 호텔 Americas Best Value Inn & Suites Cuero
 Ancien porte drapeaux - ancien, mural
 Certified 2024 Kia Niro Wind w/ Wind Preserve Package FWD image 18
* * *
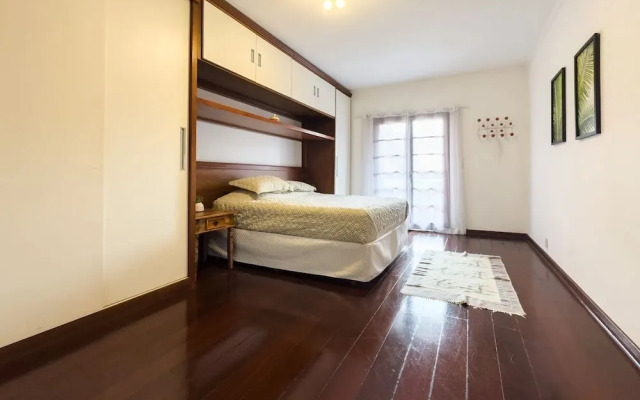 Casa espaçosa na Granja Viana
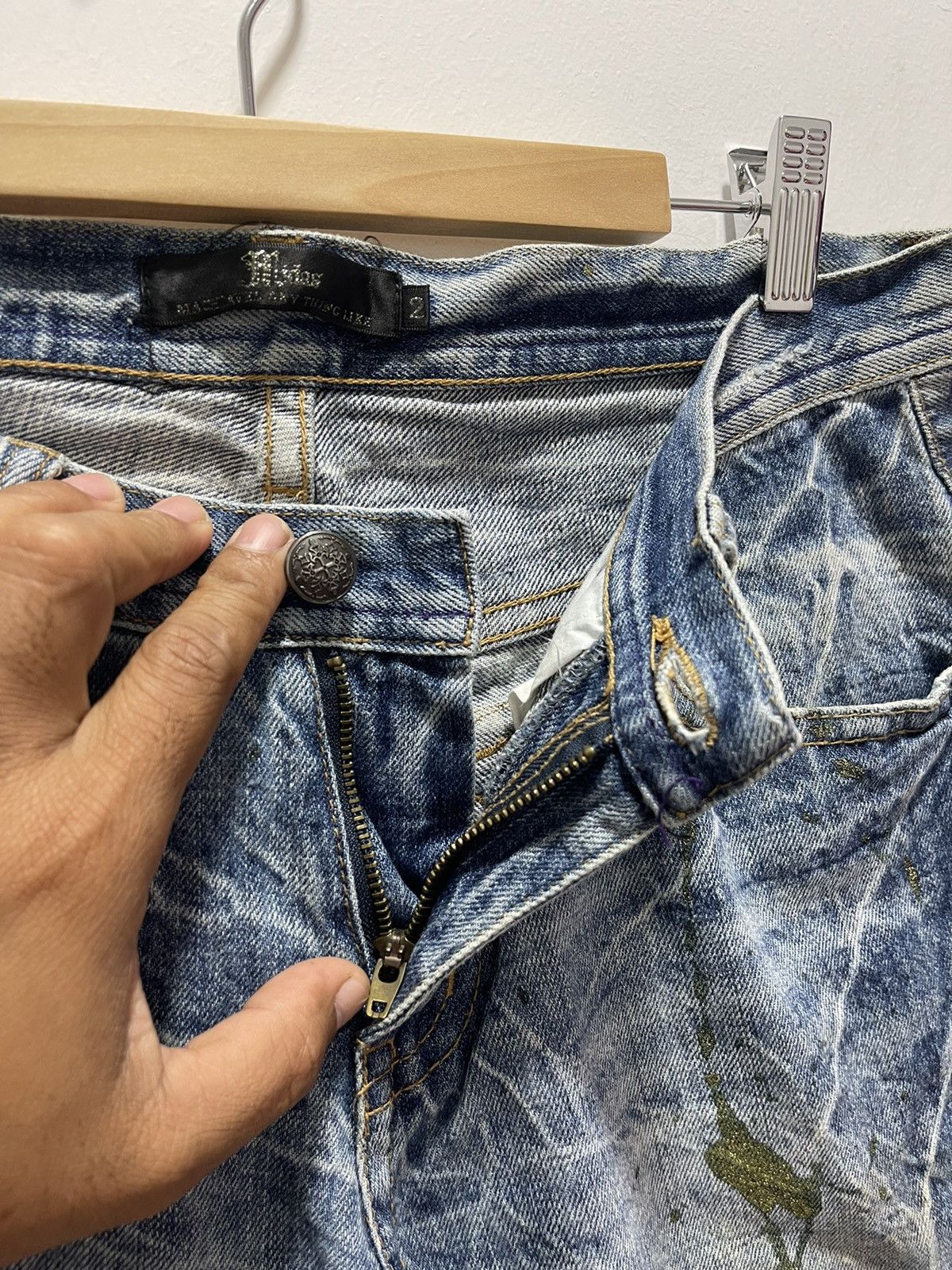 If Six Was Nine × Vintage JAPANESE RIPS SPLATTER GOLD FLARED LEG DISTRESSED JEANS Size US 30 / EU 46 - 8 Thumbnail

What you will do: Reproduce verbatim only the segment of the listing bounded by the line containing "호텔 Americas Best Value Inn & Suites Cuero" and the line containing "Certified 2024 Kia", with both boundary lines included.

Result of this exercise:
 호텔 Americas Best Value Inn & Suites Cuero
 Ancien porte drapeaux - ancien, mural
 Certified 2024 Kia Niro Wind w/ Wind Preserve Package FWD image 18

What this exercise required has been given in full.